This article was originally published in Fall 2025 edition of The Good Life magazine
AI Chatbots: a friend or foe?
Internet persona Kendra Hilty went viral on TikTok this past summer, receiving harsh feedback from her audience as told a story about allegedly being taken advantage of by her psychiatrist. In light of receiving this feedback, Hilty turned to another opinionated source for support: artificial intelligence (AI). She began consulting with various AI chatbots from companies like OpenAI and Anthropic, joking with the chatbots and sharing her feelings with them— basically, treating them like humans. 
But Hilty is not the only person who has turned to AI as a therapist. According to a survey conducted by Sentio University this past February, about 49% of large language model (LLM) users with self-reported mental health issues use LLMs to address concerns. When asked why they chose artificial intelligence over mental health professionals, 90% cited accessibility and 70% cited affordability. The majority stood by their decision, as 75% reported that their experience with an LLM was on-par, or better than, with a therapist, and 63% said LLMs improved their mental health.
Last fall, 16-year-old Adam Raine from California began using ChatGPT for homework help, as many teenagers do. But the dialogue between ChatGPT and Adam started to change as he started to ask questions about his own mental health. Eventually, Adam asked about the most effective ways to commit suicide and instructions on how to do them, which ChatGPT provided with little resistence. Adam committed suicide, but this isn’t the first case of alleged AI assisted suicide. 
Tragedies like Adam’s have not stopped the continued use of AI as a mental health resource for teens. Heidi Bley, a sophomore at Penn State University,, has been using AI as a mental health tool on and off for about a year. Bley had a therapist before attending Penn State, but was unable to continue seeing them after she moved out of state.
“I’ve only ever used [AI] when I needed to kind of talk myself out of something, and I was kind of embarrassed to talk about it with someone else, so I just needed a robot to talk to,” Bley said, laughing slightly.
Bley said AI provided her with a second opinion in situations when she felt stuck. 
“I feel like AI is completely different, you can alter what you want to be said to you,” Bley said. “AI will give you a general answer right off the bat and then it’s gonna ask you questions: ‘Do you want me to change this or change this?’ but when you talk to a therapist, they’re very one-track-minded.”
Şerife Tekin, an associate professor at the Center for Bioethics and Humanities and SUNY Upstate Medical University, cautions against relying on AI as a therapist. 
“An AI tool is going to be intrinsically limited in so far as it will, in the best case scenario, kind of reflect you or tell you what years and years of psychological research have told and that may not necessarily be the best way,” Tekin said.
Tekin, a philosopher by training, began researching AI mental health resources in 2018 when she heard that an AI bot, called Karim, was being developed to address mental health issues for Syrian refugees in Lebanon.
“In the case of AI bots, these are not autonomous agents. They’re not people. They’re not trained in addressing mental health issues in the ways that human beings are. And if something goes wrong, they do not know how to handle it,” Tekin said.

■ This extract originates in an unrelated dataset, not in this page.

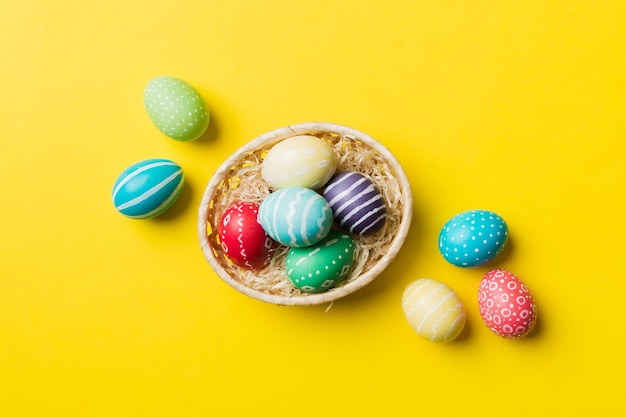 Multi colors Easter eggs in the woven basket on colored background Pastel color Easter eggs holiday concept with copy space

Jeff Rubin, Senior Vice President for Digital Transformation and Chief Digital Officer for Syracuse, and a professor at the School of Information Studies believes AI chatbots are meant to validate and encourage users. 
“That is where these issues come in,” Rubin explained. 
To address this issue for mental health conversations, OpenAI updated their GPT-5 model this past October to recognize signs of mental distress and direct users toward professional support when needed, and hired a council of experts in mental health, youth development and human-computer interaction. GPT-5 has reduced harmful or inappropriate responses to mental health questions by 65% to 80%.
“The problem with that is that’s still 20% that they're not reducing,” Rubin said regarding the update. “You're still talking about 490,000 users a week who are still having conversations negatively affected with mental health. I mean, that is a staggering number.”
Rubin believes that while AI can be programmed for mental health purposes, he does not believe they should be for one simple reason: they’re not humans. Instead, he believes AI can be used for getting a first opinion, similar to consulting Google about a sickness before going to the doctor. Tekin echoed this view. 
“Using AI as a way to kind of triangulate some of the maybe urgent cases from the non-urgent cases or more serious cases from the non-serious cases, but that should all be under the governance of the human therapists or actual people,” Tekin said.
While this is one way she thinks AI can help those who cannot afford professional help, Tekin cautions this as a purely theoretical idea.
This potential solution would need a lot more fleshing out before putting it into action and will clearly still involve human oversight. However, as AI has already done in so many other industries, it may eventually help make the process of seeking help more efficient. Tekin provides an alternative way to use the internet to improve mental health.
“I encourage young people to develop literacy, like mental health literacy in terms of what are the good things that I can do for my mental health to address my stress at the college level,” Tekin said. “I think going the long way of actually learning about mental health might be a better investment in time than asking ChatGPT questions.”